Hi All. Well we had a little bit of a setback today. Radar had a little accident today. This morning at 6 a.m. I let Radar out and put him in the pen. He went pee and I figured he was done. Well I was getting washed up in the bathroom and My Wife let him out of the bedroom where we have his crate. Well he ran ahead of her all excited and almost went completely #2 in the Kitchen. She hadn't even gotten out of the Bedroom yet. She picked him up just in time and placed him in the litter box. He finished in there and then we prased him. Well about ten minutes later he went on the living room floor near the pen while my Wife was in the Kitchen and I was in the bathroom with the door closed getting ready for work. My Wife said that she didn't think he was going to go that soon after going the first time. I explained to her that the fact that she thought that was irrelevant and that whenever she can't "Watch" him as in have both eyes on him she should place him in the pen. I think that she thinks that we place him in there too often and that she wants to have him out more when she's home. I know that she can't always watch the little guy so the only way is to have him in the pen. She said "well why can't we have the pen open a bit so he can go inside when were are home and he's restricted to one area"? I replied well we can't do that becasue then he would not have earned the extra freedom and he might regress and we'll have to start all over again. I hear stories about Hav owners who have little pups that have accidents because of lack of dilligence on their families part. I don't want that to happen. So I'm crossing my fingers today hoping that he has a remaining successful day.

Derek


----------



## Laurief (Nov 7, 2006)

He is still a baby right?? Goodness, Logan is 7 months old & still has the occasional accident. I am sure he will get the hang of it, but probably does need to be restricted. And I think you are right!! Just cause they just went doesnt mean they wont go again in 15 minutes!! It happened a lot with Logan.
Laurie


----------



## jolynn (Dec 26, 2006)

Heck, I'm 48, and I still have accidents if I laugh too hard! Oops, TMI, as my kids would say! LOL!!:redface:


----------



## Laurief (Nov 7, 2006)

Joanne - you are too funny!!!!


----------



## irnfit (Nov 21, 2006)

Kodi hasn't had an accident since he's 7 mos and he is 18 mos now. Shelby is another story. She is regressing in her potty training. She has been having lots of accidents lately. And to make matters worse, she has been having the runs since very early this morning. 

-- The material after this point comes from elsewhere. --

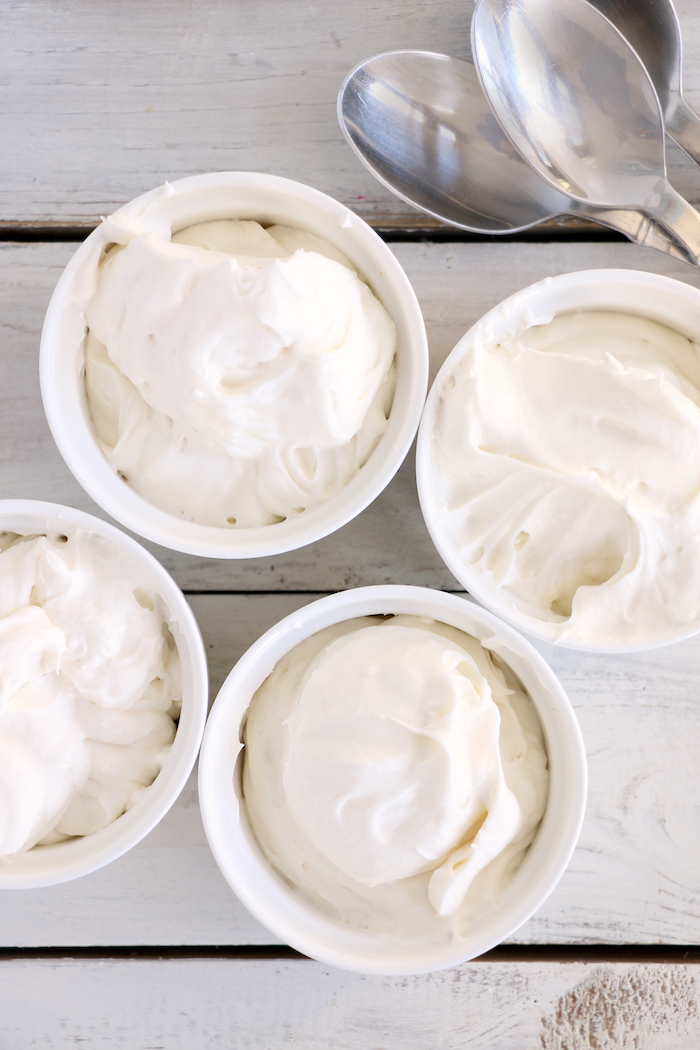 Four white containers of fruit dip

I thought she was getting the hang of it, especially since the nice weather is here and she is going out more. But, I guess we'll have to go backwards with her a little.


----------



## MopTop Havanese (Sep 25, 2006)

I remember with all my Havs having a tough time right around 13-14 weeks. It seems like they peed every 10 minutes! Then all of a sudden, they get over that.
Please be easy on Radar. He is just a baby and he is going to make mistakes. You need to find a happy medium between letting him be a puppy and run around and have fun, and having him be potty trained. I don't think any puppy should have to spend hours and hours in an x-pen. That's just no fun. Yes he is going to pee and poop on your floor. That's all part of the process. He is a baby and still learning. Don't expect perfection as his young age.
None of my Havs were fully trained until closer to 6 months.


----------



## Thumper (Feb 18, 2007)

I agree with Katie.

I use the expen and keep it "open" during the day when I am home with her so she can go in and out of it as she pleases and she did really well going in the xpen to use the pad for the first few months, there were a few accidents, but overall, she did great for being so little. Now we are transitioning outside and she'll still use the pad sometimes without letting me know she needs to go, but then other times, she'll come up to me and sort of "whine" to go outside and potty.

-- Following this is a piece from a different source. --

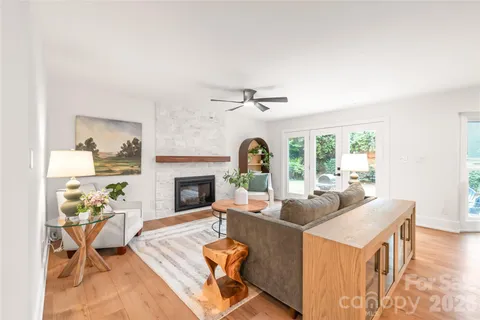 a living room with furniture a fireplace and a floor to ceiling window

It does take some work, and there will be a few setbacks, but I did give her a little more freedom than others and she is doing just fine.

Kara


----------



## whitBmom (Nov 27, 2006)

The first two weeks was tough for me because I NEVER took my eyes off of him - my head literally hurt. I kept him in the pen about 80% of the time, as he was in the living room where I spent most of my day anyways with my daughter. I found that even in the pen I was keeping an eye on him to make sure he went on the pad!! ( I think I was a little too obsessed:suspicious: ) But what I did do, is that I made sure he went #1 & 2, and then he could come out to a blocked off area with us. As soon as I'd notice any sniffing, circling I put him right back in his pen until he would go potty. Oreo would sometimes ask to come out, but I had made that mistake assuming he didn't need to go, only to find him lower his body to go pee..... LOL Now I can look back and laugh but I learned my lesson to not trust my pup... yet.
Oreo will be 7 months on June 5th and his accidents have been minimal. Now, he will put this look of "oh,no", with big eyes and whine. That "look" says it all to me and we get the leash on and get on out there... LOL The other times I found Oreo has had accidents is when he has had the occasional visit from the "poopy monster" - those are DEFINATELY not fun. :fear: Just be consistent as everyone else has said and you will be fine. It is just a short span to sacrifice a little by putting him in the pen to ensure he potty's well - just until he gets the idea that he must go in there. Then, as he is more trustworty, you can even gate off the room with the expen in it and let him roam - just be sure to keep an eye on your baby and guide him where he needs to "go". Good luck and you have a wonderful community here that is always happy to support you


----------



## radar_jones (May 6, 2007)

Hi all thanks for the great advice. Sometimes I just think that I should just give him the added freedom but I think what happens if he regresses and then you have to start all over again. I agree that I should be easy on him and that he's just a puppy. I often think that he's trying to tell me something becasue he did so amazing with the peeing in the litter so well. Maybe if I open the pen a little he'll get the message and go inside when he wants to go if he's in a confined area such as the living room. Sometimes I feel bad but I think "hey there like kids" and we do for them what's best for them and not becasue they like it but later on they thanks us for it. 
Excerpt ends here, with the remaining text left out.